Teddy L Friedline

ONOMANCY

For Iskandar Haggarty


you know as well as I do / friend  /

that names are aspirational / I mean

look at the name I chose for myself /

a step away from divine / little gift from god

minorly wealthy / and then light, of course,

a saint’s name / which is a better

aspiration than hay field / all my parents

wanted for me was allergies / was jumping

between rounded bales / but you / look

what your parents wanted / for you / o defender

o hearty protector / o my dear victorious friend

look how you have made good on the promise

your parents made in your name / o woolen coat /

o broad shoulder easy posture / how you prevail

without intending / your earthy feet settling

me out of the sky / your laugh like a volleyball

shoved under the surface of a pool / o heritage

o noble o proud man / named for a great in a turn 

of language / how you lounge with the sun 

in your face / propped up on your palms / sentinel /


Teddy L. Friedline (they/he) is a transmasc gay writer. Their work has appeared or is forthcoming in Hood of Bone Review, DEAR Poetry Journal, the lickety~split, and elsewhere. Starting this fall he will be an MFA candidate at Chatham University. You can find them on Instagram and on Twitter, both @jadeitebttrdish.

Samuel Prince

GRAZING HORSE CONFESSIONAL


What I meant when I said clemency was that untold moment 

when the tawny horse loped across the pasture to sniffle 

at my fascination. I never thought I’d be so wistful 

for the near-expired past this fast. The sleekest contact: 

stroking the ice-cone muzzle, shammy cloth nostrils. 

I speak less of what I could be, more of what I’d once been, 

how I’d lived milksoppy, strained in a deliberately confined 

way, gotten sore and tired, blinkered and saddled 

with unshakeable qualms. Flies sparkled in the mane. 

I couldn’t even make a mess in a coherent way; couldn’t tell 

dandelions from desiccated teasel in the cidery light, 

but to hear that baritone crunch as it gnashed at the grass 

was enough for a brief détente. Observing the moment 

– such an extravagance. I adjusted too quickly to the dark. 

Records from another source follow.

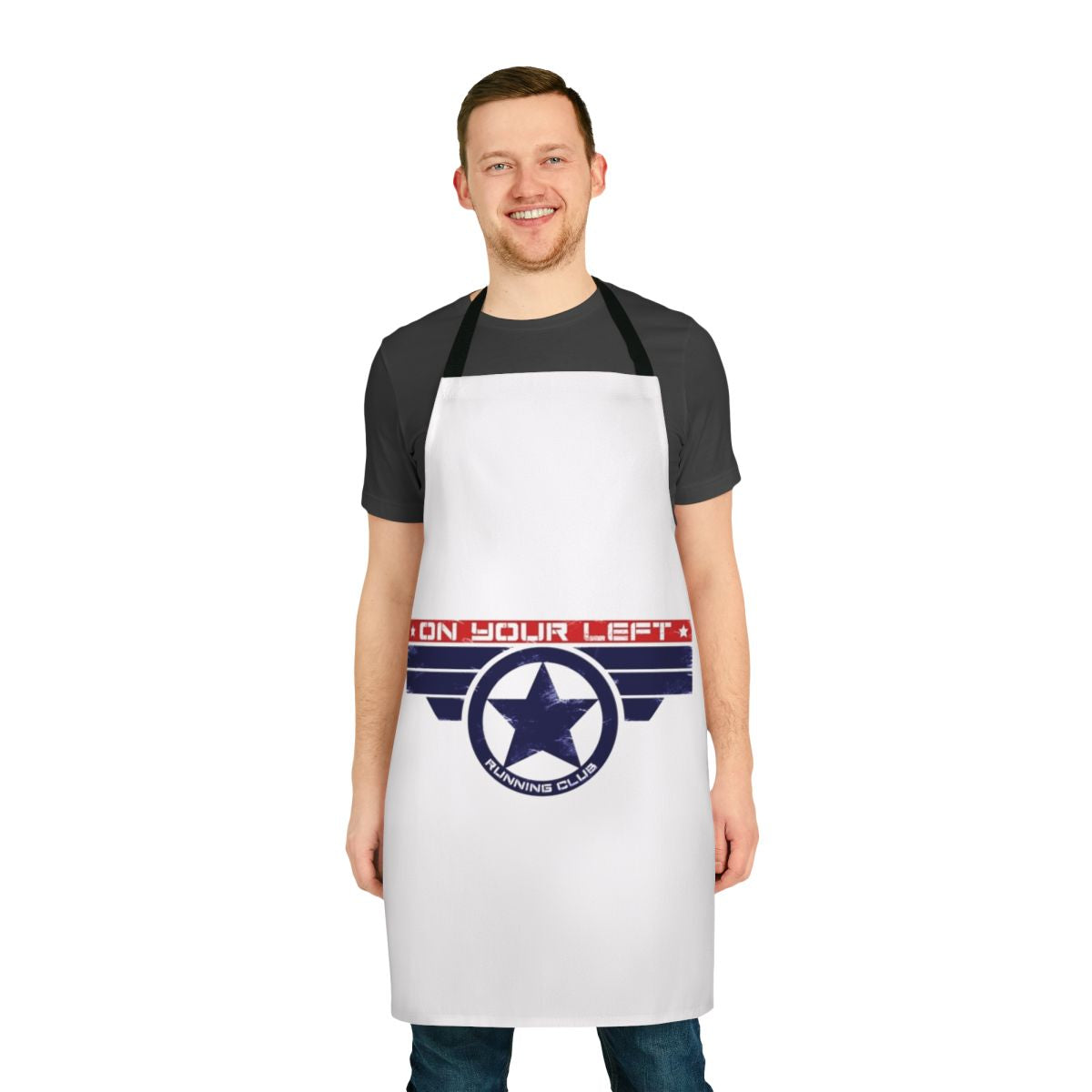 Stylish superhero-themed apron with "On Your Left Running Club" design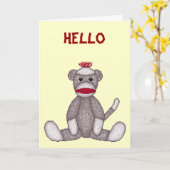 Lura's Sock Monkey Note Kaart (Gele Bloem)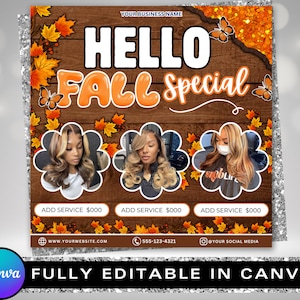 Folleto de reservas de otoño, Folleto especial de otoño, Reservas de septiembre abiertas, ¡Hola, reservas de otoño!, Folleto de reservas de otoño, Trenzas, pestañas, uñas, maquillaje, pelucas, Instagram
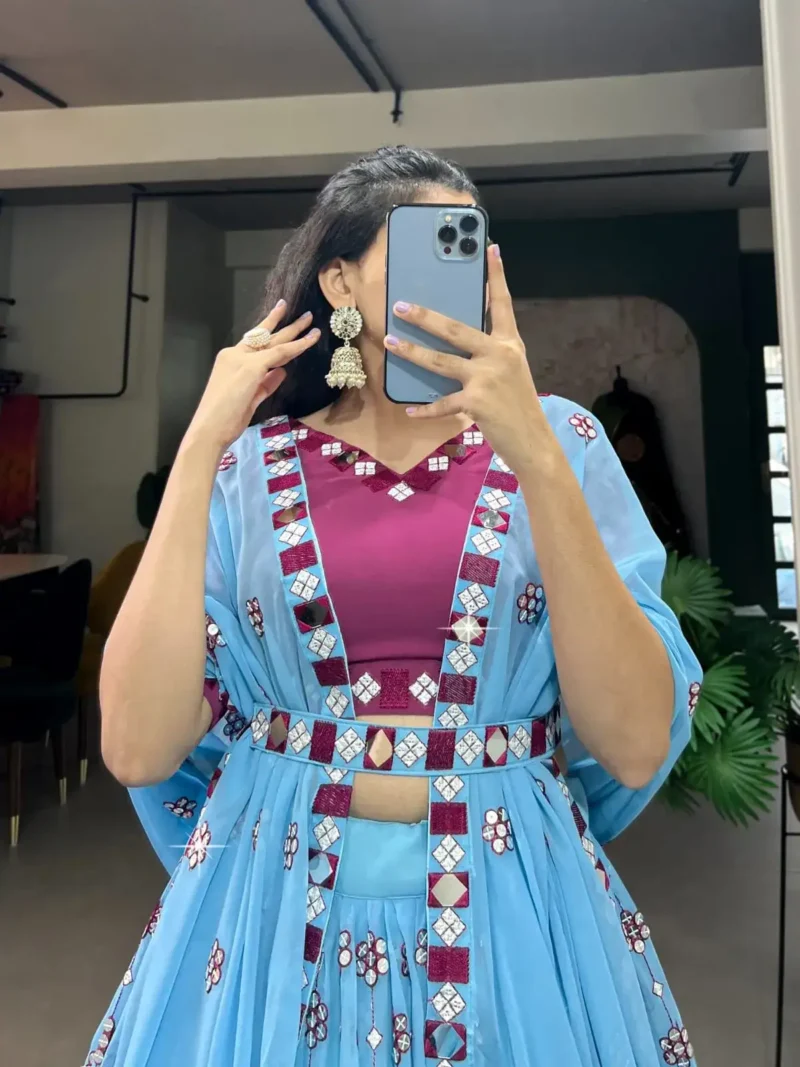 Sky Blue Georgette Sequins Original Mirror Work Lehenga Choli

When I said nature, what I meant was some fragile mammals


Samuel Prince's debut collection, Ulterior Atmospheres, was published in 2020 by Live Canon. His work has recently appeared in Acumen, The Broken Spine, Pedestal and Spelt. He lives in Norfolk (UK). More information can be found at www.samuelprince.co.uk.

Paul Festa

THE GENIUS OF KOMEDA


It resolves into the last wholly romantic period 

before James, six weeks 

at the Dorland Mountain Arts Colony 

in the scorched hills overlooking Temecula: 

rattlesnakes, blackened chaparral, kerosene lamps and a wood stove, 

chaotic LA weekends and, 

thudding fluently out of the old Remington Noiseless, 

the unfinishable novel that decades later still sprawls 

asymptotically 

toward its climax in the burning oak. 

Out of reverence, I never touched 

the mahogany Steinway in my cabin, which 

the caretaker told me 

Rachmaninov had practiced on when he was in the area. A few years 

after my residency, the piano burned 

along with the rest of the colony. 

Kerosene lamps, I thought, 

but arson was suspected. 

James wanted a fireplace and I vetoed it. 

I’d just read that woodstoves produced 

more airborne carcinogens in London 

than auto traffic. Amid the city’s 

newly risen smokestacks, Blake gave the world 

six thousand years before fire 

would consume all of Creation, 

yielding holiness and infinitude 

where now reign corruption and transiency. 

“This will come to pass,” Blake writes, 

“by an improvement of sensual enjoyment.” 

Fire spreads among the senses 

the way it spreads through the world. 

I adhere to descriptions of death by fire—

war and Holocaust, 9/11, Wolf Hall, Australia and California, 

the boy at Short Mountain who incinerated himself 

in a cave. We romanticize fire reflexively, 

involuntarily, just as we are hypnotized by it, 

like that Komeda song where she sings

Fire, fire, fire, fire

Fire, fire, fire, fire

Fire, fire, fi-yer

Fire, fire, fi-yer

Fire, fire, fire, fire…


Paul Festa’s essays, criticism, and poetry appear in numerous publications and anthologies, including The New York Times Book Review, The Los Angeles Review of Books, The Daily Beast, Salon, HuffPost Opinions, Beyond Words Magazine, three editions of the Best Sex Writing series, and Nerve: The First Ten Years. Paul teaches fiction writing, poetry, and modern Italian history, among other subjects, at Bard College Berlin, and has won awards and fellowships including several residencies at MacDowell and Yaddo.

Molly Sturdevant

Generalized Anxiety Works Quietly While I Try to Sign a Form


for a fundraiser, in a weirdly warm spring,

they tell me how the kids are going to sell snacks.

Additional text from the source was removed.